• **Supplied data**:

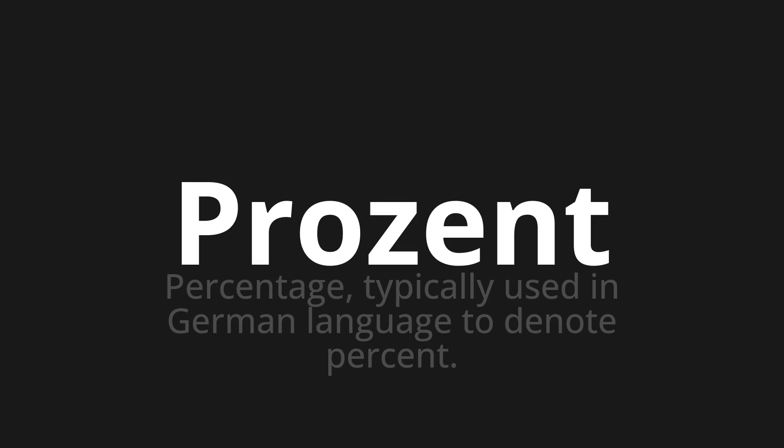Thank you for joining us on this adventure in pronunciation. Remember, language is a journey, not a destination. Keep exploring, experimenting, and expanding your linguistic horizons. We'll see you next time.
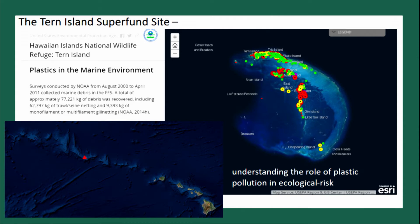East Island is the one that disappeared a couple of weeks ago — you may have seen this in the news. I was there about a month ago. There's quite a lot of marine debris that's been mapped and cleaned up. This is our story map for Tern Island and the French Frigate Shoals.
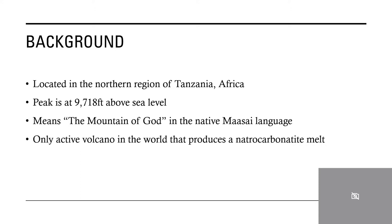Something that really interested me and made me choose this volcano as my project is that it is very unique. It is the only active volcano on the entire planet that produces a natural carbonatite melt, and we'll delve a little bit into the chemistry and mechanisms behind that further on.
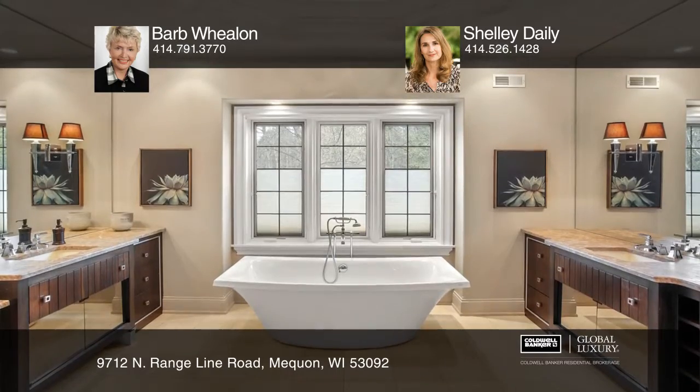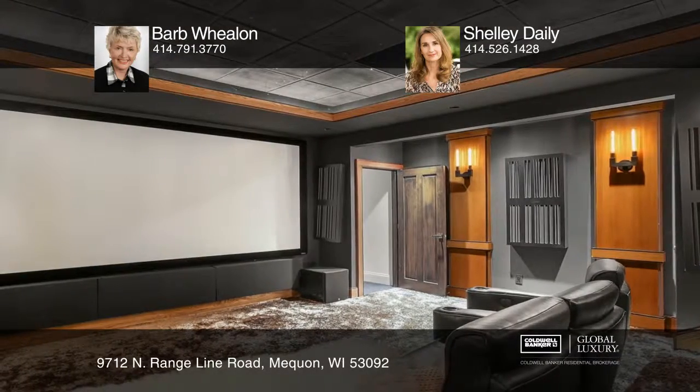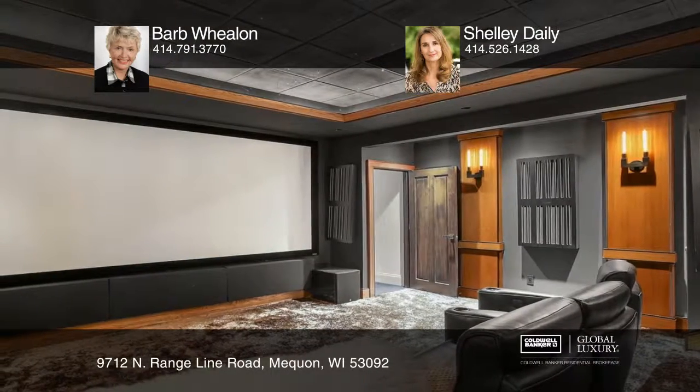The home features an elegant library, an exquisite master en suite with fireplace, a private office, a high-tech theater room, a professional weight room, and a three-car garage.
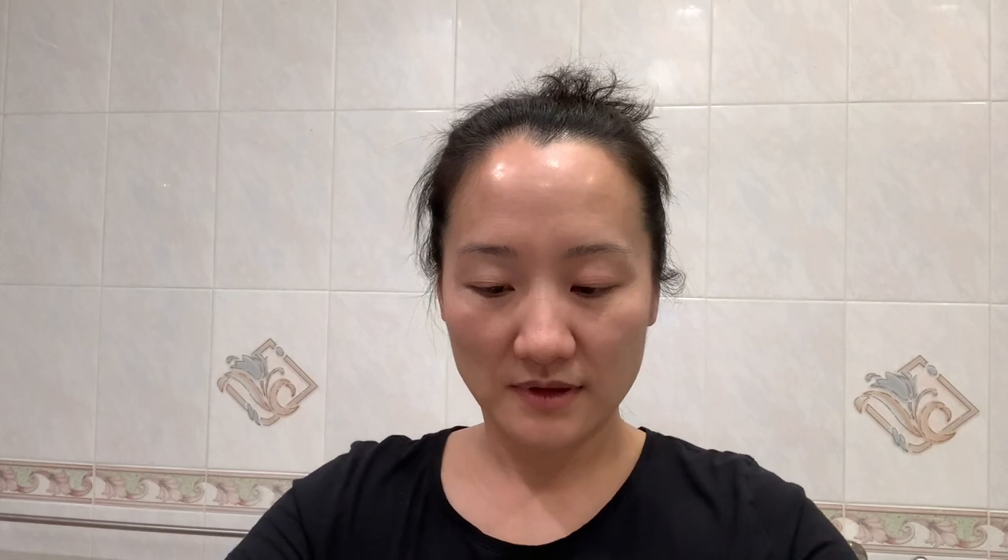First thing first, we've got to clean our face. For cleansing today I'm using the La Mer cleansing foam. This is how much I use, and of course I'm going to wet my face a little bit and scrub using the Mary Kay roller.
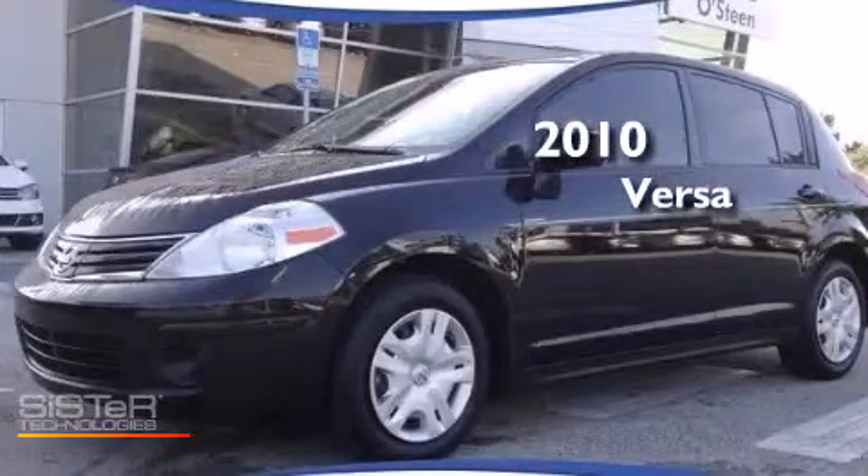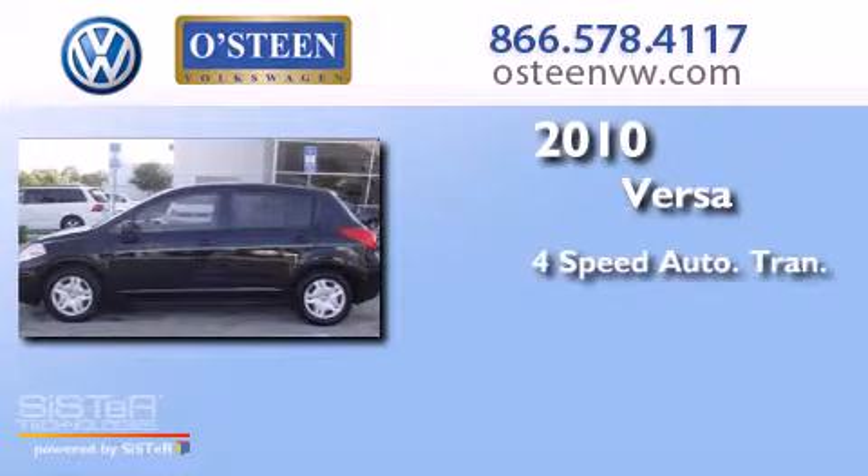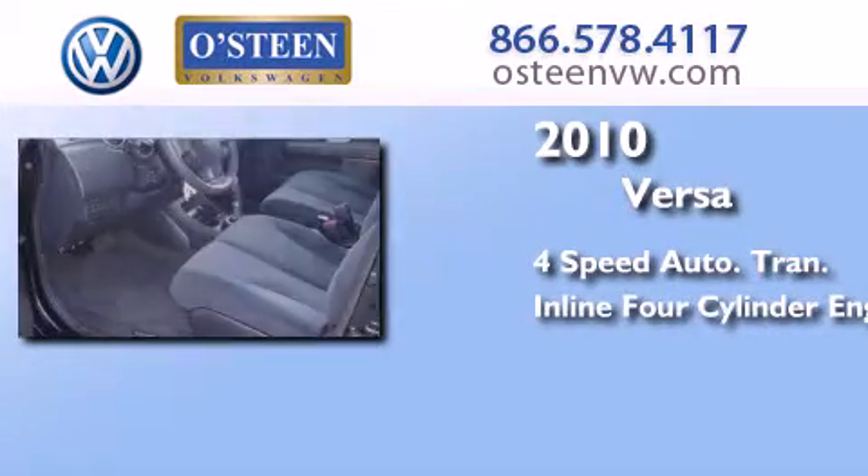This is a 2010 Nissan Versa. This compact has a 4-speed automatic transmission and an inline 4-cylinder engine.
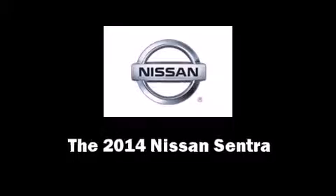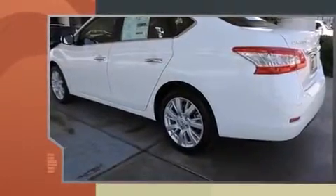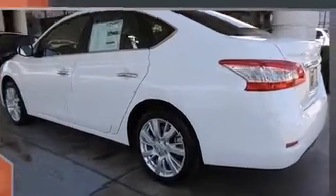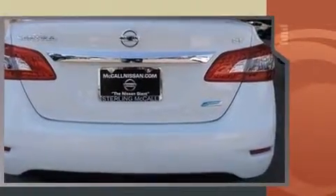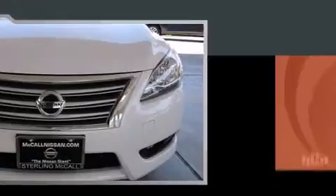Step into the 2014 Nissan Sentra. This four-door, five-passenger sedan is waiting for you to take home. It features a continuously variable transmission, front-wheel drive, and a 1.8-liter four-cylinder engine.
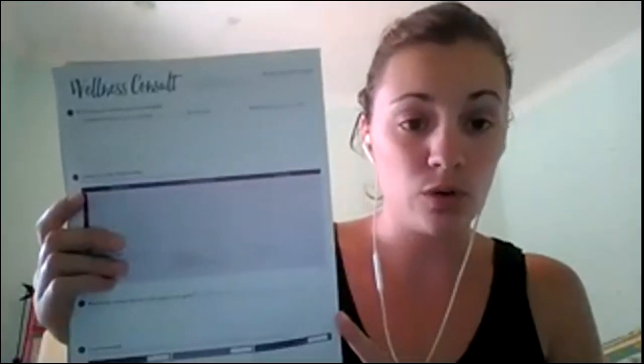Hopefully your kit has arrived already; otherwise feel free to wait until it has so you can get the lids off the bottles as you go through this. We will also cover what's called a wellness consult, which we'll do either in person or through a video call depending on your location. This is going to be your 90-day wellness plan. I'll briefly show you that here, but we'll cover the rest of the guide in the video so you're ready and prepared for when we get together.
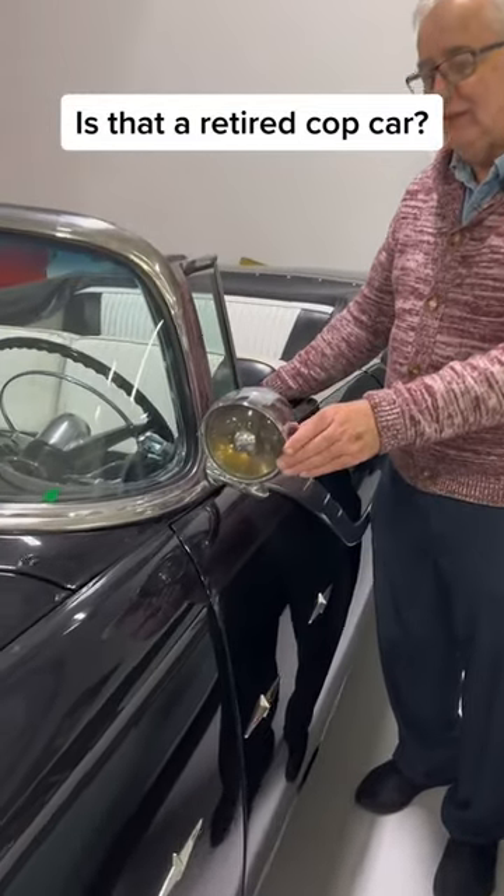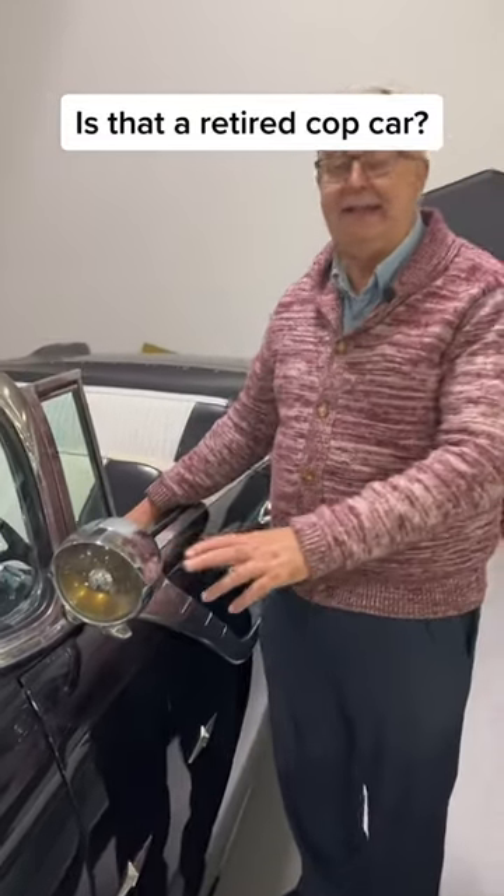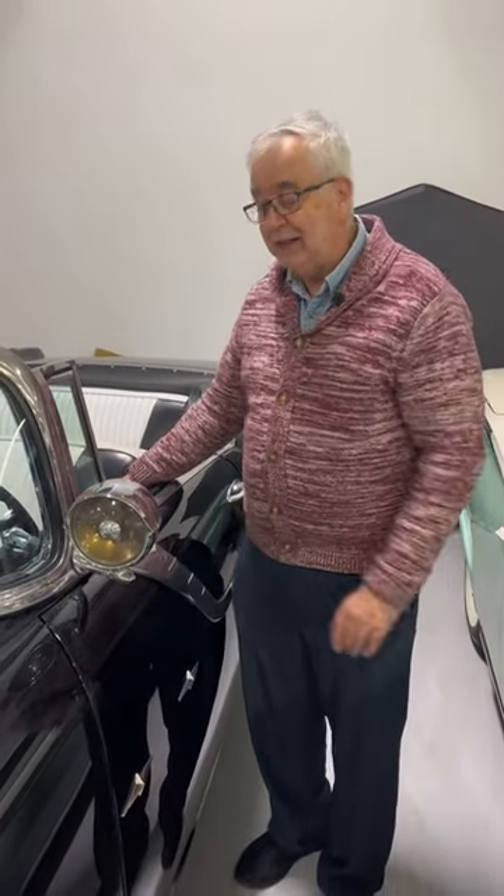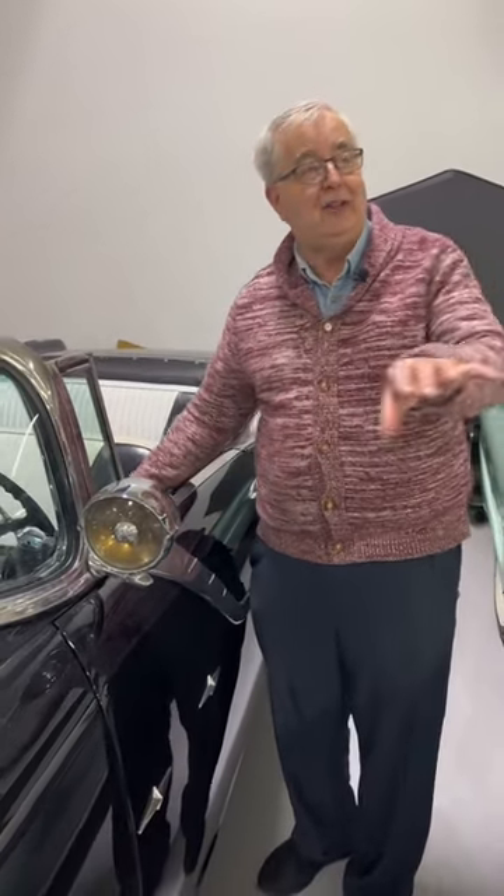So many people ask: in the 50s, why do cars have spotlights? Not every car was a police car. Back in those days, not every town had as many street lights, so if you needed to find a house number, you could take your car and go looking — say, 'I've got to find 1501' — and you'd take your spotlight and shine it.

• **Description of the task**: Where a picture appears in the records above, omit it, and transcribe exactly the stretch of lines from the one with "This is a 2010" through the one with "Step into the".

• **Answer box**:
This is a 2010 Nissan Versa. This compact has a 4-speed automatic transmission and an inline 4-cylinder engine.
Step into the 2014 Nissan Sentra. This four-door, five-passenger sedan is waiting for you to take home. It features a continuously variable transmission, front-wheel drive, and a 1.8-liter four-cylinder engine.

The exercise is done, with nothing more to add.